SÃO PAULO, SP (UOL/FOLHAPRESS) - O advogado Rodrigo Pantaleão, que ficou conhecido após pedir a condenação do próprio cliente durante audiência no Tribunal de Justiça de Santa Catarina no fim de maio, foi encontrado morto nesta quinta-feira (25) em Florianópolis.
Defensor foi achado morto dentro da própria casa. A causa da morte não foi divulgada e as investigações estão em andamento, segundo a OAB-SC (Ordem dos Advogados do Brasil - subseção Santa Catarina) em nota.
OAB-SC disse acompanhar o caso de perto. O presidente da subseção, Juliano Mandelli, informou que, se houver qualquer indício de crime e relação com o exercício da advocacia, o órgão cobrará a punição e responsabilização do responsável.
Órgão ainda pediu uma apuração célere, rigorosa e transparente. "A Ordem não tolerará omissão nem demora neste caso, seja qual for o resultado da perícia", concluíram.
"Recebemos essa notícia com profunda consternação. A OAB/SC acompanhará de perto as investigações para que todos os fatos sejam devidamente esclarecidos, especialmente no que diz respeito à eventual relação de crime com o exercício da advocacia e às prerrogativas profissionais", disse Juliano Mandelli, presidente da OAB-SC.
O defensor Rodrigo Pantaleão concordou com o pedido de condenação apresentado pelo Ministério Público.
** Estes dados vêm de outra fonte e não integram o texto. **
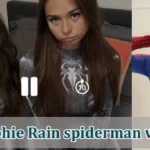 Sophie Rain Spiderman Video Discord Twitter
O cliente, que responde por tráfico e uso indevido de drogas, passava por uma audiência virtual na 3ª Vara Criminal da Comarca da Capital quando o fato inusitado ocorreu, no dia 28 de maio.
"Em alegações finais, Vossa Excelência, a defesa corrobora com as afirmações exaradas pela Promotoria de Justiça, nada mais", disse Rodrigo Pantaleão .
A juíza, no entanto, se indignou com a atitude do profissional. "Eu não posso aceitar essas alegações finais, senhor, vou considerar o réu indefeso", falou Carolina Ranzolin Nerbass. "Não, essas são as alegações finais da defesa", rebateu o homem na sequência.
Em nota, a OAB informou que oficiou a juíza responsável pelo processo, solicitando informações e documentos relacionados ao ocorrido, para entender o que aconteceu. "Caso sejam constatadas infrações disciplinares após a devida apuração, poderão ser instaurados os procedimentos competentes no âmbito do Tribunal de Ética e Disciplina, os quais tramitam sob sigilo legal."
Magistrada, então, intimou o réu a encontrar outra pessoa para representá-lo. Segundo ela, apesar de o próprio acusado ter admitido parte do crime, ele "merecia uma defesa". "Então, eu dou três dias para o senhor constituir um novo defensor. Se o senhor não constituir, eu vou nomear um defensor dativa para o senhor, que vai fazer uma defesa adequada", acrescentou.
Um novo advogado foi nomeado. O tribunal informou que o processo segue aguardando uma nova audiência de instrução e julgamento para definição da sentença, ainda sem data.
Antes mesmo do início da sessão polêmica, Pantaleão já havia demonstrado indisposição pelo caso. A Justiça havia oferecido a ele a oportunidade de conversar com seu cliente de maneira reservada, o que foi negado, dizendo que "não havia necessidade".